Death Wish director Michael Winner dies at 77
Filmmaker had second career as acerbic restaurant critic for Sunday Times
Michael Winner, a British filmmaker best known for directing the three Death Wish movies, has died at age 77.
Winner's wife said he died at his London home Monday after an illness.
Winner was also a restaurant critic with the long-running "Winner's Dinners" column in the Sunday Times newspaper and a collector of fine art and antiques.
He directed more than 30 movies, specializing in thrillers and action titles.
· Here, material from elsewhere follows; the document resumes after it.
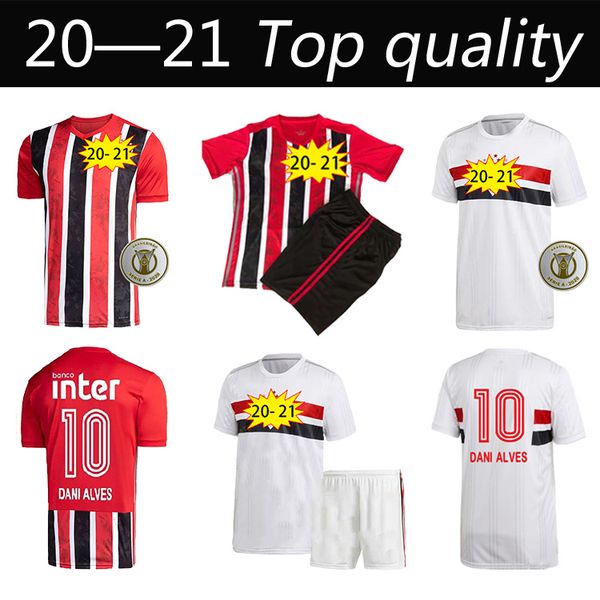 

thailan são paulo soccer jerseys cristiane dani alves camiseta de futebol football shirt liziero peres antony pato men camiseta de futebol, Black;yellow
Among his best-regarded work is The Big Sleep, a 1978 noir starring Robert Mitchum.
The Death Wish franchise, featuring Charles Bronson as a law-abiding citizen who becomes a vigilante when his wife and daughter are attacked, began in 1974.
Criticism of Death Wish violence
Though the first movie was criticized for its violence, it became a commercial success in the U.S. and Winner went on to direct two more instalments: Death Wish II in 1982 and Death Wish 3 in 1985. He brushed off criticism of his films.
"If you want art, don't mess about with movies," he once said. "Buy a Picasso."
He took pride that Death Wish featured the film debuts of two future stars: Jeff Goldblum, billed as Freak 1, and Denzel Washington, billed as Alley Mugger.
Born in London in 1935, Winner worked as a newspaper showbiz writer and film critic before beginning his movie career with short films and documentaries.
His early British films included 1963’s gritty, London-set thriller West 11, 1964’s The System, about young men in a seaside town seeking sexual conquests, and I'll Never Forget What's'isname, which starred Oliver Reed as a London adman and Orson Welles as his boss. He made several other films with Reed, including Hannibal Brooks and The Jokers.
His 1973 spy film Scorpio starred Burt Lancaster as a veteran CIA agent trying to outwit a man who’s trying to kill him.
Prior to Death Wish, he made the films The Mechanic and The Stone Killer with action hero Bronson.
Last restaurant reviews in December
As a restaurant critic he was known for his acerbic verdicts — especially for poor service — which got him barred from some eateries.
"He could be very witty, but also uncompromising in his demands for good service, which resonated with readers," said Martin Ivens, acting editor of The Sunday Times.
"He was also not afraid to laugh at himself and rejoiced in the huge postbag of letters which poked gentle fun at him — often he would forward particularly insulting letters that had been sent straight to him for inclusion alongside his column."
Despite becoming very ill from bad oysters in 2007 and later from steak tartare, he continued his reviews until December 2012.
Former Monty Python comedian John Cleese and TV mogul Simon Cowell remembered him fondly on Monday.
"Laughter was never far away when Michael was around, and he is someone who the more I got to know, the fonder I got of him," Cowell said.
Cleese said Winner had been "the dearest, kindest, funniest and most generous of friends. I shall miss him terribly."
He is survived by his wife, Geraldine Winner.